In short, student loans can affect your credit just like any other loans — if you pay on time, they can help improve your score. However, if you’re late on your payments or don’t make payments at all, they could end up doing some real damage to your financial future. But it’s no accident that, in 2022, the amount of student debt in the United States has soared to nearly $1.75 trillion.

Put simply, a credit score is a numerical representation of how likely you are to pay your bills and debts. The more consistent you are with paying off your bills and debts, the higher your credit score will be. Conversely, the less consistent you are with paying off those bills and debts — say, you have a few (or more than a few) late or missed payments — the lower your score will be. This three digit number, which typically ranges from 300 on the low end to 850 on the very highest end, is used to determine your eligibility for mortgage and vehicle loans, credit cards, homeownership, interest rates, and more.

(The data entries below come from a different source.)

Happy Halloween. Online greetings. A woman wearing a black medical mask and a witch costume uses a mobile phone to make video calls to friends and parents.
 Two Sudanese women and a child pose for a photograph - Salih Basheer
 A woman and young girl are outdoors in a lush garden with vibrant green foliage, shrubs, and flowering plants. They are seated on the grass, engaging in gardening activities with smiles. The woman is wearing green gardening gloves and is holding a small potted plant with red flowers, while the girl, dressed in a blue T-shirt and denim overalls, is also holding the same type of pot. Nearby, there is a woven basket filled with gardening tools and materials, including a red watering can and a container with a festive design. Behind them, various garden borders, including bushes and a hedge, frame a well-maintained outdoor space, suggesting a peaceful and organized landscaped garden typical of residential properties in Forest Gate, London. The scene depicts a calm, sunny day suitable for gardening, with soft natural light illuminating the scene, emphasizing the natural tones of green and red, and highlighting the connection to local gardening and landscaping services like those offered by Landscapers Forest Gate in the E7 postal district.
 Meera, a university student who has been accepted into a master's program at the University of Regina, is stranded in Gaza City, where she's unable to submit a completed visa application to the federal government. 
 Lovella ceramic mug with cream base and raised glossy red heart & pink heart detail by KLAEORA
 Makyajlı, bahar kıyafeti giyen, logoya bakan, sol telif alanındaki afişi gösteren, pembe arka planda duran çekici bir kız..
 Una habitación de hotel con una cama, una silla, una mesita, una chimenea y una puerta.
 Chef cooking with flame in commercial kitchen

As of 2022, an estimated 46 million Americans have student loans, with an average debt of $28,400 for bachelor’s degrees alone, according to Student Loan Hero. And before debt payments were halted due to the coronavirus pandemic, some 11% of borrowers — or around 5,060,000 — were either 90 days late on payments, or in default on their loans.

Bonnie Latreille, the director of research and advocacy at the Student Borrower Protection Center (SBPC), told Elite Daily in May 2021 that people are saddled with debt as a result of policy decisions made at both the state and federal level. “States have pulled away from funding higher education,” she says. “If you don’t come from a family that is independently wealthy,” she adds, “your choices [are], take out student loans, or don’t go to school.”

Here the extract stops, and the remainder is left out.